Celgene Corp. (CELG) slumped 13 percent last month, even after winning U.S. approval of a pill to treat psoriatic arthritis, a painful joint condition that occurs in about 30 percent of the 125 million people worldwide who have psoriasis. Among the 10 most-owned options on the stock, eight are bullish.

For Mylan Inc., calls are more expensive than puts for the first time in five years. Earnings (MYL) at the biggest U.S. generic drugmaker will increase 20 percent in 2014, more than double the pace of companies in the Standard & Poor’s 500 Index.

Some investors still see biotechnology shares as overvalued even after the selloff, said Lillian Seidman of Miller Tabak & Co. The group trades near the most expensive level in the past decade, with a price-earnings ratio of 35.7 excluding companies with losses. Less than 30 percent of companies in the Nasdaq Biotechnology Index are profitable, according to data compiled by Bloomberg.

Ridiculous P/E

“There’s no other sector that’s moved up so much, and possesses the greatest amount of risk to the downside,” Seidman, an options strategist at Miller Tabak in New York, said in a March 26 phone interview. “There’s a camp that will talk about the ridiculous P/E multiple, saying that it’s not justifiable.”

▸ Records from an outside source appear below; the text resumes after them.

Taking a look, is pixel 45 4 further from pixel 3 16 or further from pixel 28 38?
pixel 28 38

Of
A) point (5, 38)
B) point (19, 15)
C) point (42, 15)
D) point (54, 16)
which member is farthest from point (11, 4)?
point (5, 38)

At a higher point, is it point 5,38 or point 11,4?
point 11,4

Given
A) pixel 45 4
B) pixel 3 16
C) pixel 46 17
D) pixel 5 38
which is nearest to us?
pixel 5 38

Investors that ignored price-earnings ratios and speculated on drug trials and regulatory decisions have reaped rewards. Endocyte, a biotechnology company with no marketed products, is up 119 percent this year after a study showed its experimental medicine slowed the progression of lung cancer.

InterMune, which isn’t expected to be profitable this year or next, is the second-best stock in the Russell 2000 Index (RTY) with a 131 percent surge for 2014. The company said in February that its drug pirfenidone for a fatal lung disease met goals of a study expected to support U.S. approval.

Buying Calls

Options on biotechnology stocks are expensive partly because of increased demand for bullish bets, BMO’s Breier said.

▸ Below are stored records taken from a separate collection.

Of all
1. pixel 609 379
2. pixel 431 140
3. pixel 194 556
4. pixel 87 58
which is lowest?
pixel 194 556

Implied volatility, used to gauge the price of options, on the biotechnology ETF reached 32.02 last week, the highest since October 2011. That compares with 12.14 for the SPDR S&P 500 ETF Trust, according to data compiled by Bloomberg on three-month contracts closest to the shares.

“People are wary of holding the stock, so they are buying calls to play the high-beta turnaround,” Igor Biselman, an equity-derivatives trader at Cowen & Co. in New York, said in a March 31 phone interview. “Portfolio managers have been looking to sell their stock and replace them with calls in order to still get upside exposure with limited downside risk.”